I'm one of the maintainers at Google of the LLVM NVPTX backend. Happy to answer questions about it.
As background, Nvidia's CUDA ("CUDA C++?") compiler, nvcc, uses a fork of LLVM as its backend. Clang can also compile CUDA code, using regular upstream LLVM as its backend. The relevant backend in LLVM was originally contributed by nvidia, but these days the team I'm on at Google is the main contributor.
I don't know much (okay, anything) about Julia except what I read in this blog post, but the dynamic specialization looks a lot like XLA, a JIT backend for TensorFlow that I work on.

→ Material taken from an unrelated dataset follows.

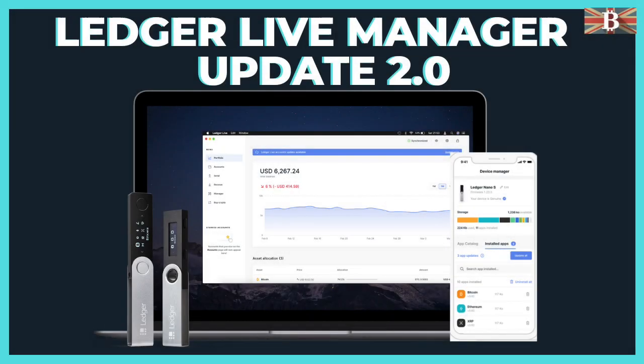In this video, I'm going to take you through some of the new features and how you can update your Ledger Live Manager to version 2.0.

So that's cool; I'm happy to see this work.
Full debug information is not supported by the LLVM NVPTX back-end yet, so cuda-gdb will not work yet.
We'd love help with this. :)
Bounds-checked arrays are not supported yet, due to a bug [1] in the NVIDIA PTX compiler. [0]
We ran into what appears to be the same issue [2] about a year and a half ago. nvidia is well aware of the issue, but I don't expect a fix except by upgrading to Volta hardware.
[0] https://julialang.org/blog/2017/03/cudanative [1] https://github.com/JuliaGPU/CUDAnative.jl/issues/4 [2] https://bugs.llvm.org/show_bug.cgi?id=27738
I've always thought it weird that I'm writing all my code in this language that compiles to C++, with semantics for any type declaration etc...And then I write chunks of code in strings, like an animal.
[1] https://github.com/ldc-developers/ldc [2] dlang.org [3] http://github.com/libmir/dcompute
The NVPTX backend would benefit imo to move towards the more general LLVM infrastructure so that emitting the dwarf info is not another special case.
To be clear, there are two ways to compile CUDA (C++) code. You can either use nvcc (which itself may use clang), or you can use regular, vanilla clang, without ever involving nvcc.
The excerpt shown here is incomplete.